A year after Bjorn Borg wrote off Roger Federer's chances of capturing the 2008 Wimbledon title, the Swedish great was once again backing the Swiss to triumph at the All England Club.
Borg tipped Rafael Nadal to win the grasscourt major 12 months ago and despite being proved right, his comments did not go down well with Federer.
But after the Swiss completed his collection of grand slam titles by triumphing at Roland Garros nine days ago, the Swede has once again switched his allegiance.
"Coming into Wimbledon I think he is relieved in a way that he won Paris, because that was one of his main ambitions, goals to try and win Paris," Borg, who shares with Federer the professional era record of winning five successive Wimbledon titles, told Reuters Television on Tuesday.
"So coming into Wimbledon he feels very confident, he has equalled (Pete) Sampras's record of 14 grand slams.
"We all know how Roger is playing on the grass, he plays unbelievable tennis on the grass. I think he is going to have a big challenge from Andy Murray, if I have to pick up two guys for this year's Wimbledon I would pick Murray and Federer."
Federer's success in Paris made him only the sixth man to win all four majors.

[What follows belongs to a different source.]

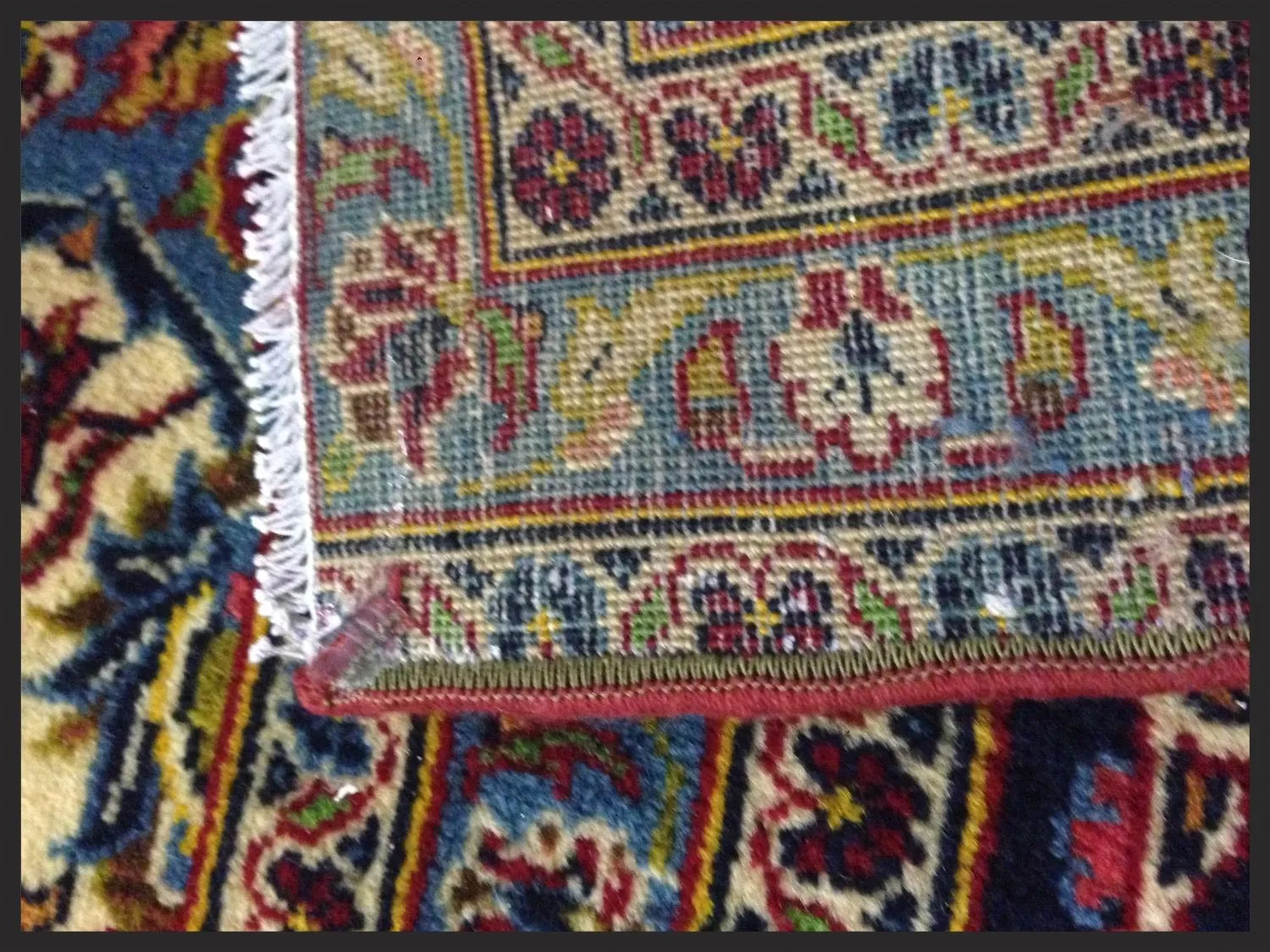 Back of an Oriental rug showing a damaged serged edge before repair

According to Borg, that put Federer on the summit when it came to deciding who was the best of all time.
"For me Roger is the greatest player ever who played the tennis game. It's always good to see him play and win and we are going to see so much more of Federer in the future, he is going to win more grand slam tournaments."
Former Wimbledon champion Martina Navratilova agreed.

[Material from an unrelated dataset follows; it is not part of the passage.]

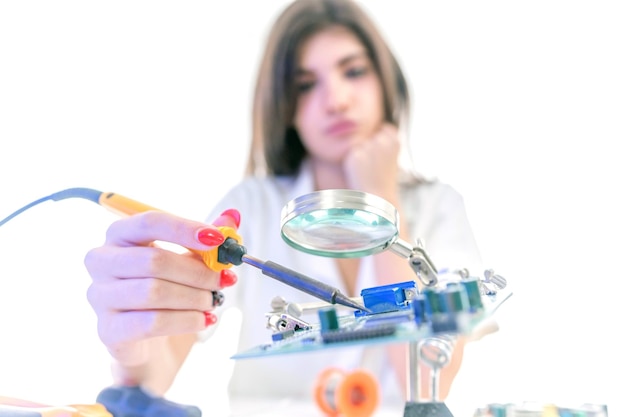 Technicien en électronique femme réparant l'équipement électronique à l'aide d'un fer à souder électrique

"It's a combination of how many grand slams have you won, how many tournaments have you won, how many years you were number one and he's got all those combinations," she said.
"The body of work is phenomenal and now he has got that French Open and I think he can just go on and sip Margaritas for the rest of his life."

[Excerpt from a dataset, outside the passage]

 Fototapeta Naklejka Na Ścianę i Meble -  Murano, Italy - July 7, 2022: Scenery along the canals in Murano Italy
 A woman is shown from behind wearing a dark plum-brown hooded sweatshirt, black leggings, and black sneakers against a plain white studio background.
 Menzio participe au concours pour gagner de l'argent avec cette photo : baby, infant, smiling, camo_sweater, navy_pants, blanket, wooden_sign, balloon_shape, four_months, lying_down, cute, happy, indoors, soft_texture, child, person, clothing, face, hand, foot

Navratilova, however, said she was concerned about Nadal.
The Spaniard, four-times French Open champion, lost in the fourth round at Roland Garros and is now struggling to get fit for Wimbledon.
While the rest of the world might have been surprised by Nadal's Paris downfall, Navratilova was not.
"He burned out both physically and mentally, he played too many tournaments in a row and it just got to him, physically and mentally," said the American, who proved her longevity by playing top level tennis until just before her 50th birthday.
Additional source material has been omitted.